Extracted records

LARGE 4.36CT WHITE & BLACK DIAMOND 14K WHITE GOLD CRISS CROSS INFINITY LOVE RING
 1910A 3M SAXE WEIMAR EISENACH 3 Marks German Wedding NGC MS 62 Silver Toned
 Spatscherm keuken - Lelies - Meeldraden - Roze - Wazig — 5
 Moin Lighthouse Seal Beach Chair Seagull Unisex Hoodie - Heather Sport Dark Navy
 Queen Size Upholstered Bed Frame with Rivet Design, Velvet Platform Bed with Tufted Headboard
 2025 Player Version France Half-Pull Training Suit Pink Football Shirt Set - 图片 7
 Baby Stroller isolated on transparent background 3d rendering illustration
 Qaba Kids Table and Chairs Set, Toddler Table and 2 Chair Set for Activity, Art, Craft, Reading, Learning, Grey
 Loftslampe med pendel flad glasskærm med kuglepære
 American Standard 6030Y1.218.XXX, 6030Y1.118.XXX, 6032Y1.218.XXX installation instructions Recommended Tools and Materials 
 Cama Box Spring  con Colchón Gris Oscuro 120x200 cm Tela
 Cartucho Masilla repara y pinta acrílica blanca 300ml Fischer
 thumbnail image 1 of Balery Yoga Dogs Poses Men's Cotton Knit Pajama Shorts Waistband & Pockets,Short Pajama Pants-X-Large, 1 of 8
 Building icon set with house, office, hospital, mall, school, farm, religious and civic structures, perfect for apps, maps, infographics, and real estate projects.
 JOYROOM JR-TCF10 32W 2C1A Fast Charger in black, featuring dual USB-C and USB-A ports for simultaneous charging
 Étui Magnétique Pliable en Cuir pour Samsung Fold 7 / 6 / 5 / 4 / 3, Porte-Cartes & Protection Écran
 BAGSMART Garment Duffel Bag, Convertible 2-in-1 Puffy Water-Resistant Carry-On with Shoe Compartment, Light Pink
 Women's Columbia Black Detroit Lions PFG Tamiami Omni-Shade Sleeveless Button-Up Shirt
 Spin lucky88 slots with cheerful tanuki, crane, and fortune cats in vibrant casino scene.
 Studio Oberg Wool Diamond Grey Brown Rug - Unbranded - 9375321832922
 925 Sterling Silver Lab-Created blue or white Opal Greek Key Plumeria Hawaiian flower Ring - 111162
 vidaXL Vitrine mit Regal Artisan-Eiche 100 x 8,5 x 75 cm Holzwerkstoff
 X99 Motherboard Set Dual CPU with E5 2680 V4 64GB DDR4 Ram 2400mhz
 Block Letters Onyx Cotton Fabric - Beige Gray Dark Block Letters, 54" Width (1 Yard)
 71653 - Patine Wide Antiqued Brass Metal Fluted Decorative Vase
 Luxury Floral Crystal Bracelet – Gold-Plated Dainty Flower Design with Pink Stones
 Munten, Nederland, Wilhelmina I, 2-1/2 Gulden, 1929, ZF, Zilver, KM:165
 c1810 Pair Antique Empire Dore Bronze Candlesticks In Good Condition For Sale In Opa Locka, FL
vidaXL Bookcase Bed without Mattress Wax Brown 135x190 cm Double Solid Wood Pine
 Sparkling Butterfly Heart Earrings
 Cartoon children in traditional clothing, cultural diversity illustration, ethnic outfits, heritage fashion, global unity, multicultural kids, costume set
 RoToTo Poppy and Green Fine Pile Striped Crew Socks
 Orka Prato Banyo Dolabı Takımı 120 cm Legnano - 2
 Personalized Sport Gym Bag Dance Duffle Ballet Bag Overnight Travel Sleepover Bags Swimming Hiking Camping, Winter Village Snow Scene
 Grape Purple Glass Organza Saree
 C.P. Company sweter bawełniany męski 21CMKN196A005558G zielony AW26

» TASK DESCRIPTION
Check every line above for the string "Cotton" and copy those that have it.

» ANSWER TO THIS EXERCISE
 thumbnail image 1 of Balery Yoga Dogs Poses Men's Cotton Knit Pajama Shorts Waistband & Pockets,Short Pajama Pants-X-Large, 1 of 8
 Block Letters Onyx Cotton Fabric - Beige Gray Dark Block Letters, 54" Width (1 Yard)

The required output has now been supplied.